=== What to work on ===
If a line below falls between the line with "Not from Gatorade" and the line with "Hey everybody, Brian", or is one of those two, output it exactly; output nothing else and no pictures.

=== Records shown ===
-------------------------

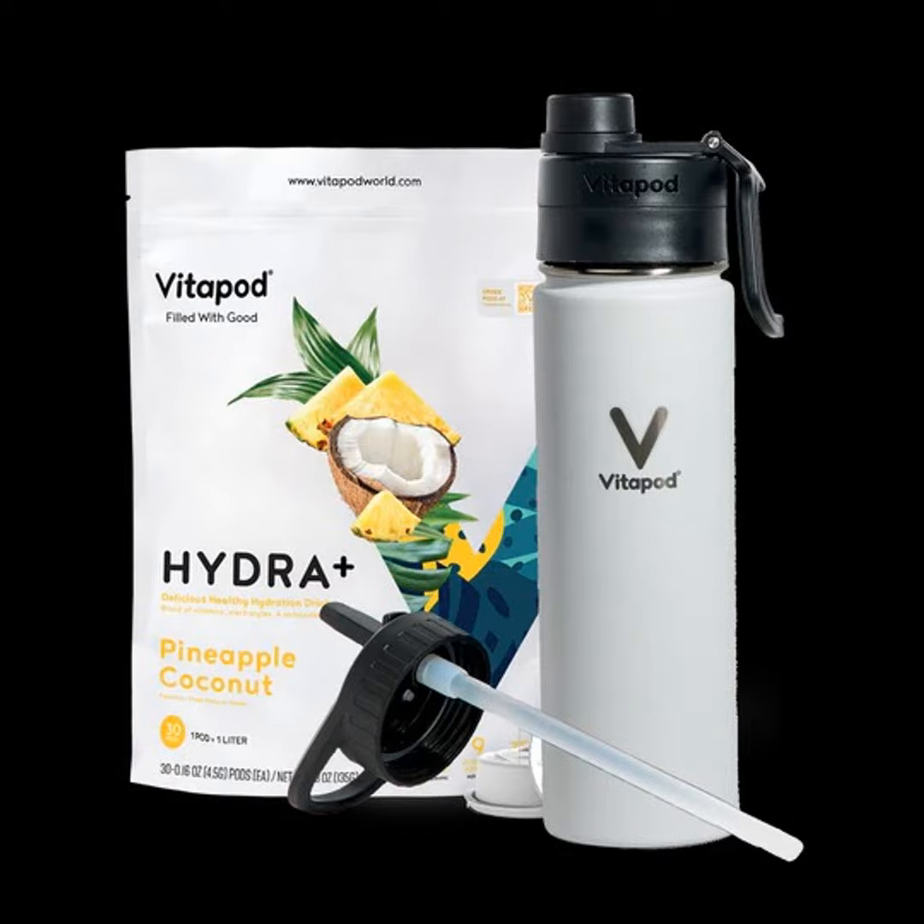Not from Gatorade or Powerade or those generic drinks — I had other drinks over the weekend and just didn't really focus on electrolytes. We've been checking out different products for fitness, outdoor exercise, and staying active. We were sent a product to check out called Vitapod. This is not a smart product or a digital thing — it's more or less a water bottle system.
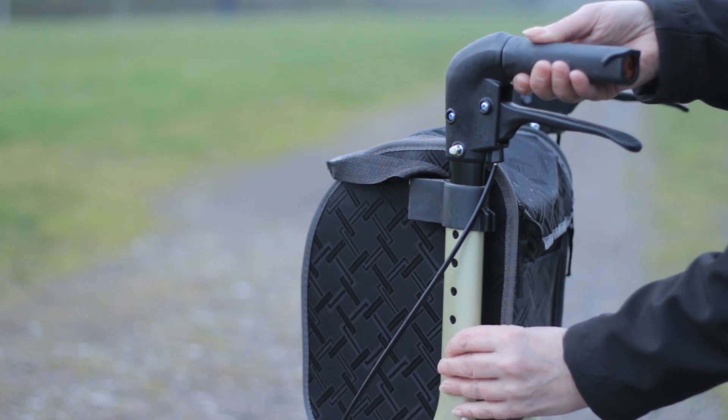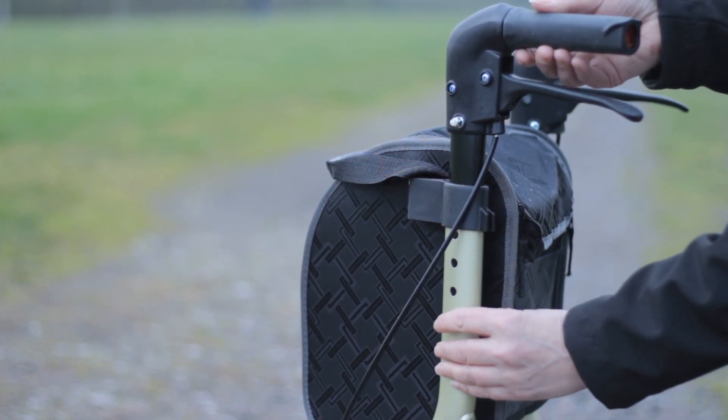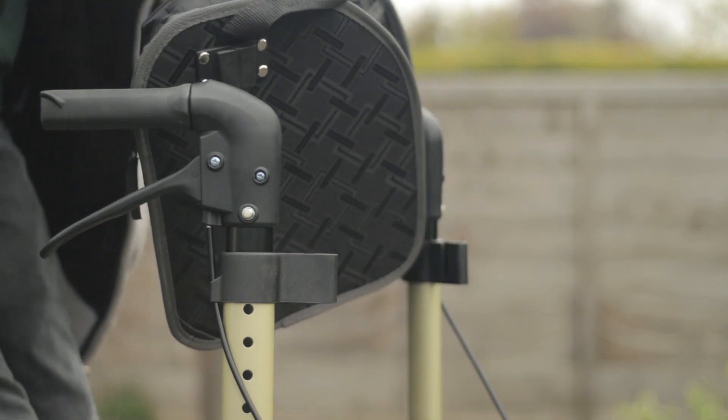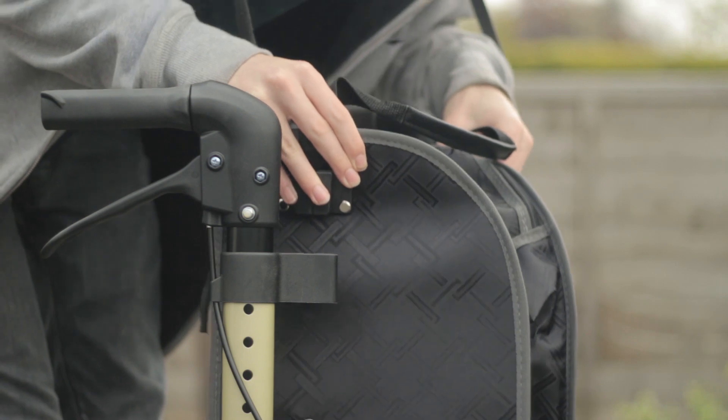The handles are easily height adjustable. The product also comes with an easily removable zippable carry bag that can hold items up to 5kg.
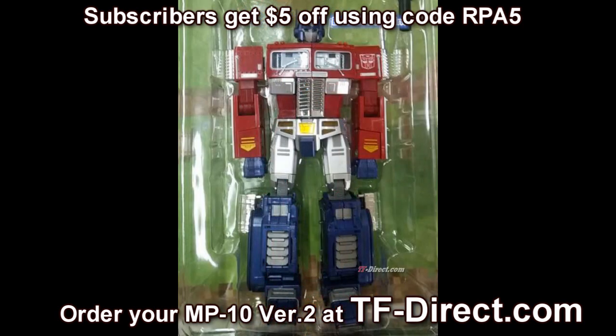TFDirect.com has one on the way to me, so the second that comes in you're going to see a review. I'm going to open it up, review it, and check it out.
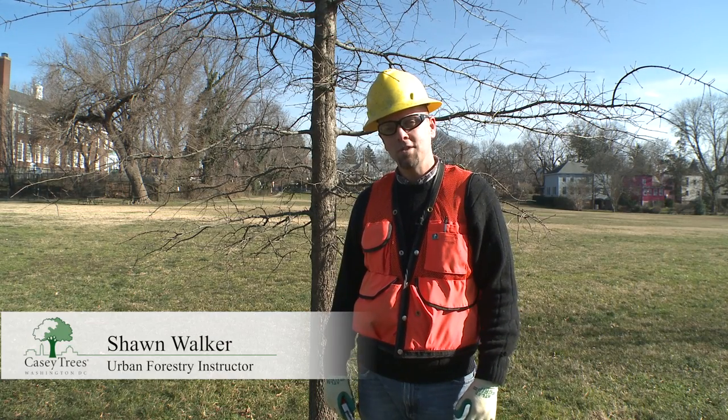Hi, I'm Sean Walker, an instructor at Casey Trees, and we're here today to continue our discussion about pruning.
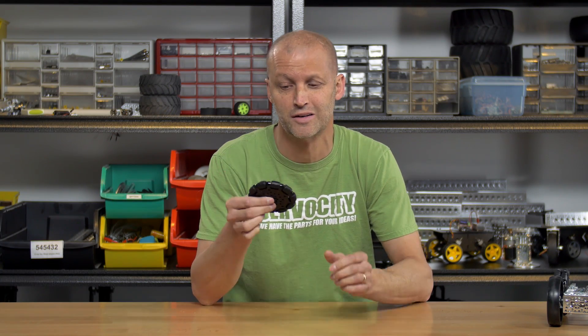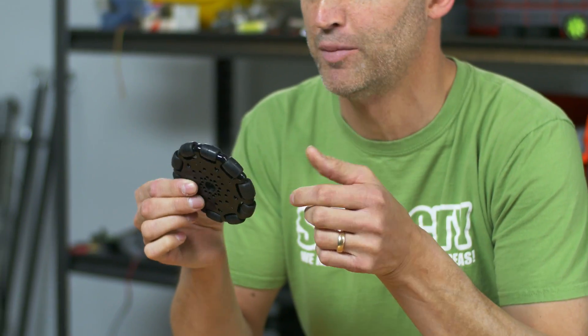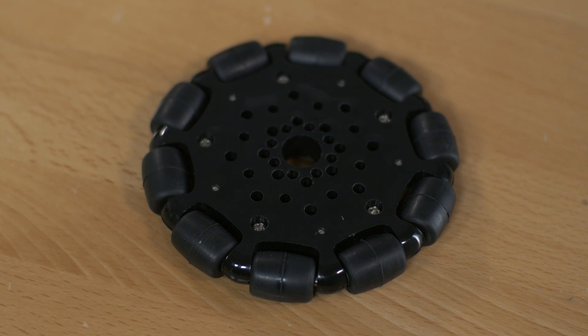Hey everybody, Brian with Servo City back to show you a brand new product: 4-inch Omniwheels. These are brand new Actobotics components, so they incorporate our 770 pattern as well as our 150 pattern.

-------------------------

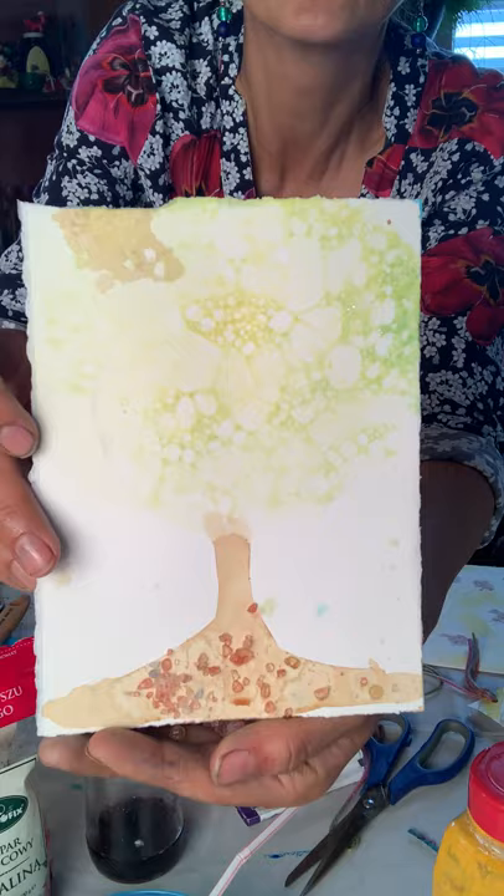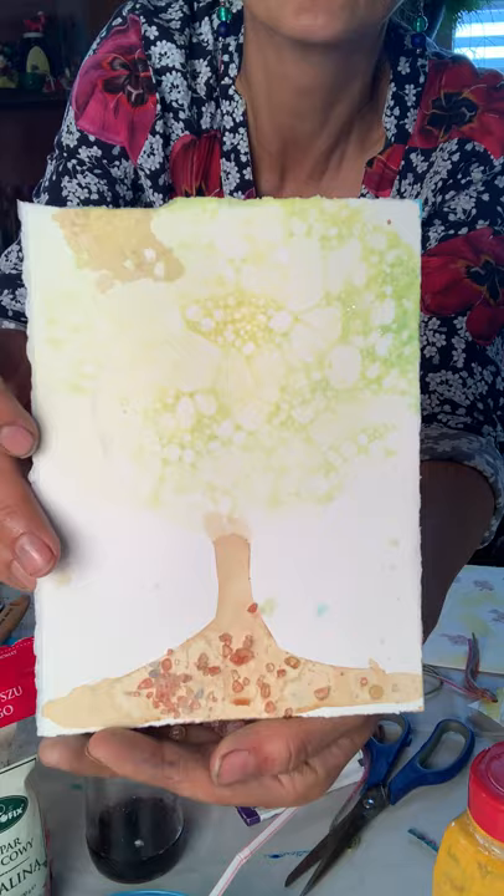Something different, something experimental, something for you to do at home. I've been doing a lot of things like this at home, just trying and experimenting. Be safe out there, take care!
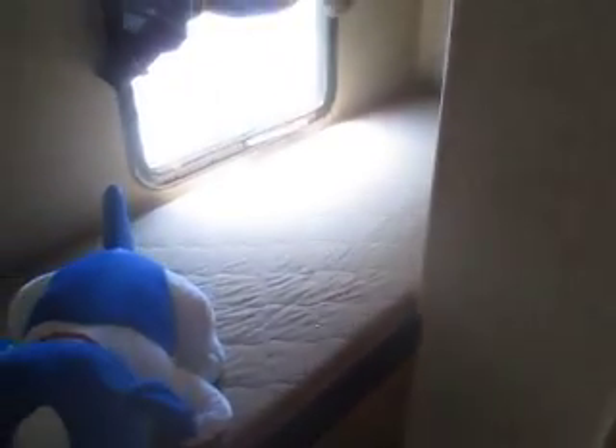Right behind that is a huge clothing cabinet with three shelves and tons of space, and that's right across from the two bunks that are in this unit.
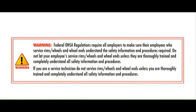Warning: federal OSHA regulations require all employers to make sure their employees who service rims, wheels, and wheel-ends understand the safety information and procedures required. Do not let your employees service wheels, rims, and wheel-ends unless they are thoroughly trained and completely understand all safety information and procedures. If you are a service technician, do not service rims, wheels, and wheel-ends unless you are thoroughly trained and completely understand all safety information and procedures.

-------------------------

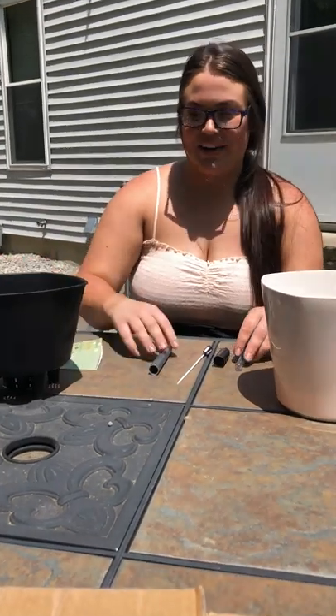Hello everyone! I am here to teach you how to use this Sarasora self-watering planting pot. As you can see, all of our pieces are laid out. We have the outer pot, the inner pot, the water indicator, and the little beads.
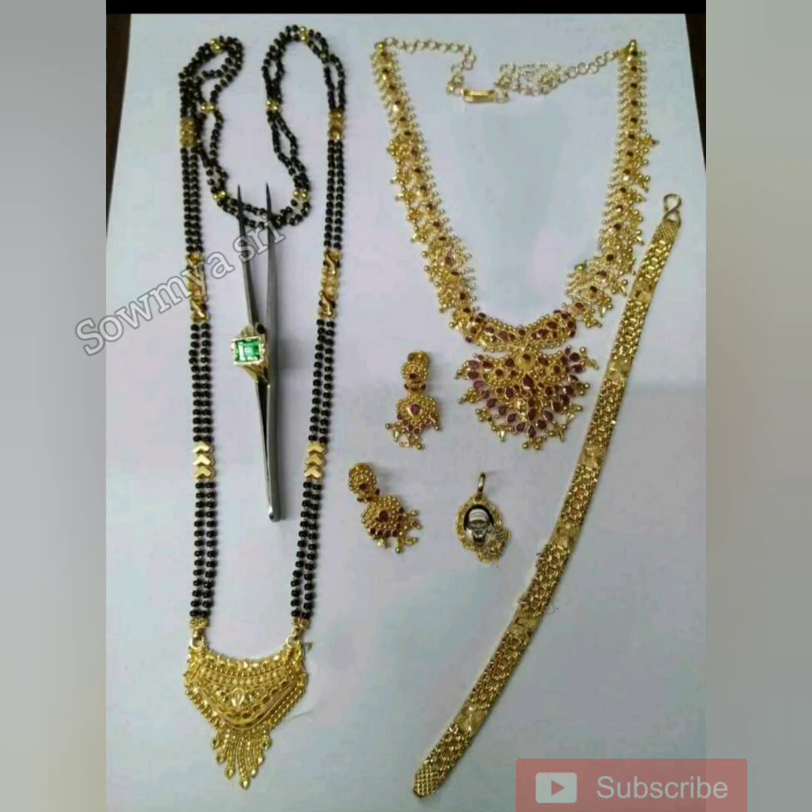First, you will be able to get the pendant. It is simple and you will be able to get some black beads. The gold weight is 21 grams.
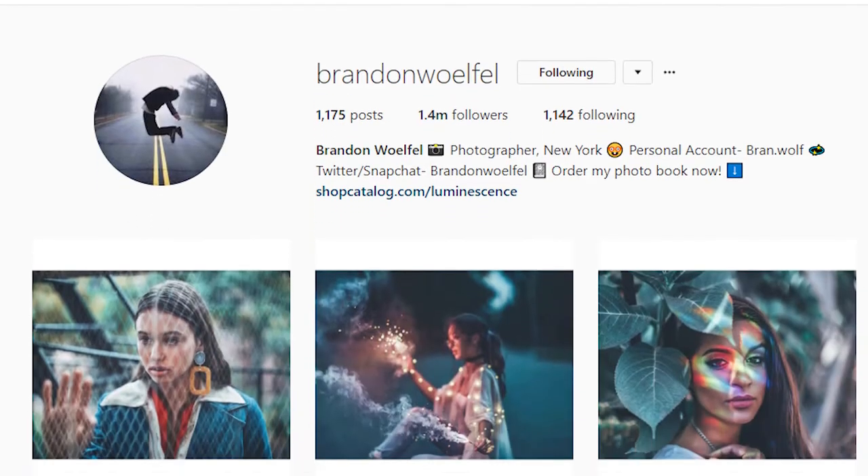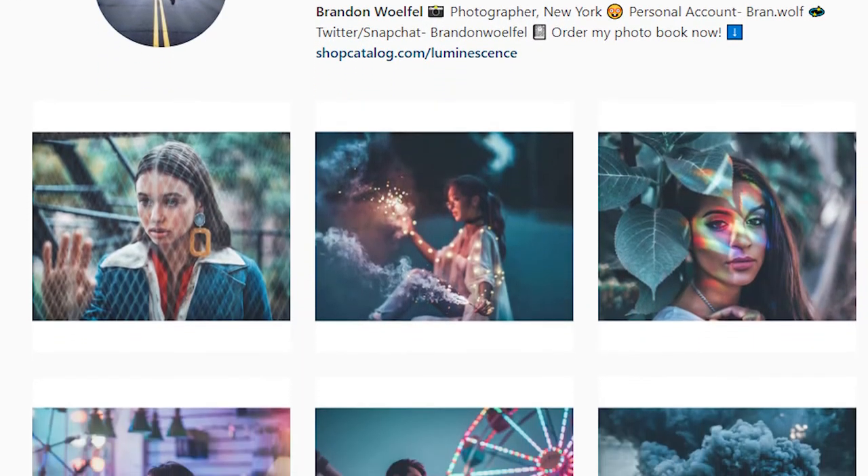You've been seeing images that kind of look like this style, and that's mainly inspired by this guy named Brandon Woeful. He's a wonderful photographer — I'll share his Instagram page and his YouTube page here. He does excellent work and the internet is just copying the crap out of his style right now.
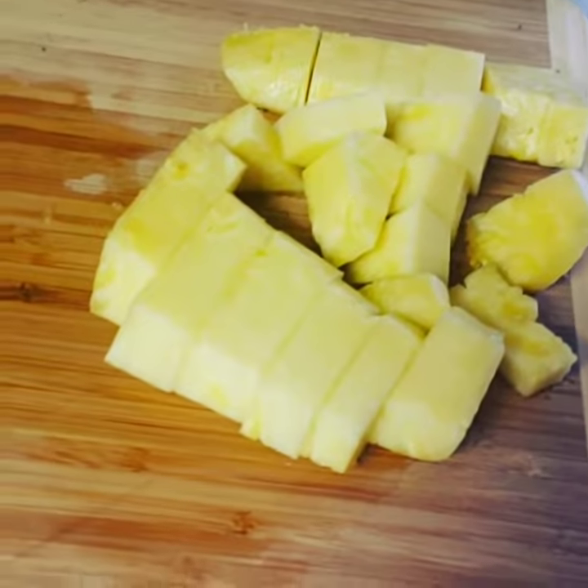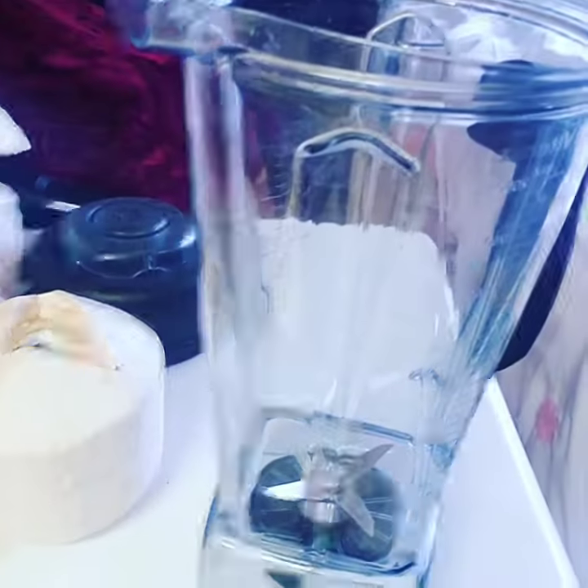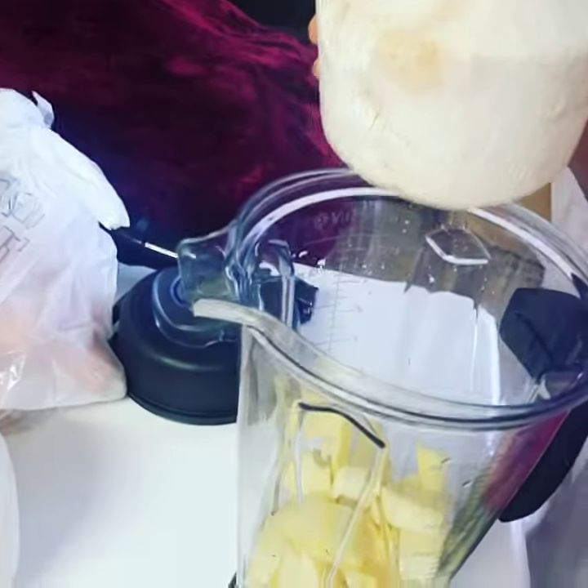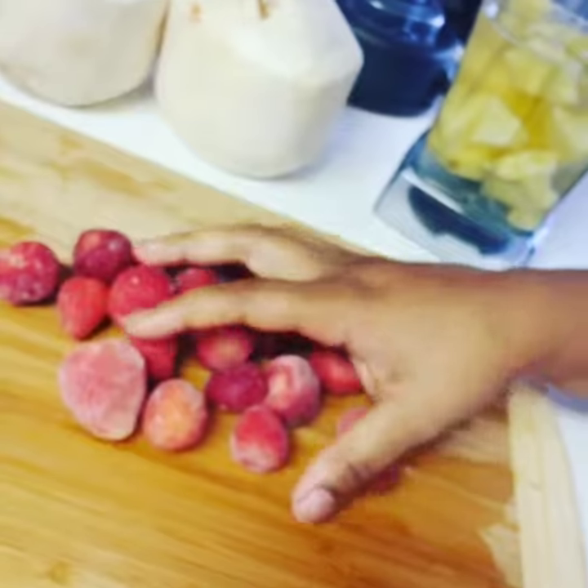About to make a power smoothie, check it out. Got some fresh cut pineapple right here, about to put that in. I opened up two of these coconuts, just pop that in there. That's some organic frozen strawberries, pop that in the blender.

-------------------------

=== Written solution ===
Not from Gatorade or Powerade or those generic drinks — I had other drinks over the weekend and just didn't really focus on electrolytes. We've been checking out different products for fitness, outdoor exercise, and staying active. We were sent a product to check out called Vitapod. This is not a smart product or a digital thing — it's more or less a water bottle system.
The handles are easily height adjustable. The product also comes with an easily removable zippable carry bag that can hold items up to 5kg.
TFDirect.com has one on the way to me, so the second that comes in you're going to see a review. I'm going to open it up, review it, and check it out.
Hi, I'm Sean Walker, an instructor at Casey Trees, and we're here today to continue our discussion about pruning.
Hey everybody, Brian with Servo City back to show you a brand new product: 4-inch Omniwheels. These are brand new Actobotics components, so they incorporate our 770 pattern as well as our 150 pattern.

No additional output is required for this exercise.